Don’t get me wrong. There’s nothing inherently wrong with being an assistant. There’s nothing wrong with helping. There’s nothing wrong with being administratively gifted. I’m personally grateful for all the administrative assistance I can get because I definitely need it. What I do resent (and ultimately disagree with) is the notion that women, by virtue of their gender, are uniquely qualified to serve in the helping role, while men, by virtue of their gender, are uniquely qualified to lead. I am grateful beyond measure that I have seen in the last several years a much healthier model: men and women equally leading and helping one another, each serving as their unique gifts and personalities led them to serve, showing one another mutual deference, and sharing power through caring cooperation.

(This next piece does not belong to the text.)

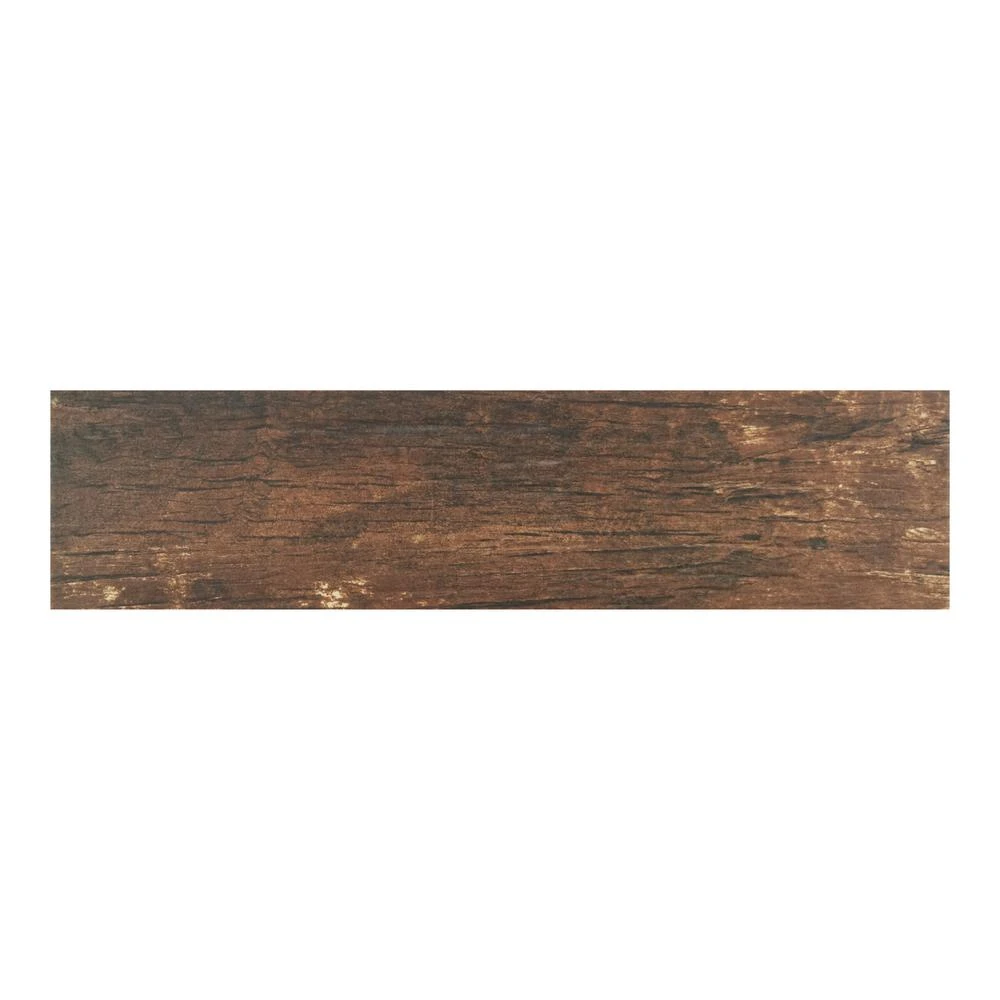 MSI Redwood Mahogany 6 In. X 24 In. Matte Porcelain Floor And Wall Tile (10 Sq. Ft. / Case) - Image 5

This is the kind of faith community I am seeking to build. It is the kind of world I’m hoping to raise my children in; a world where we don’t have to defend our identities as anamolies: the female pastor, the stay-at-home dad, the gay Christian, the male administrative-assistant. We can just be us, fearfully and wonderfully made in the image of a wildly beautiful and creative God. And in that hope, after my light-bulb moment in the bed, I made a change. I told Siri to be a boy. And she told me how to get the job done. I followed the directions Siri gave, and soon the voice speaking back to me was no longer a feminine one, but a masculine one. My kids call him, “Boy Siri”.
It’s not gonna change the world. I know it’s really a small deal in the grand scheme of things. But here now in my home we are taking one more step to counter the gender stereotypes that permeate our culture and even our phones. Girls aren’t the only ones who can help. Boys can be a big help too. And they can still be named Siri.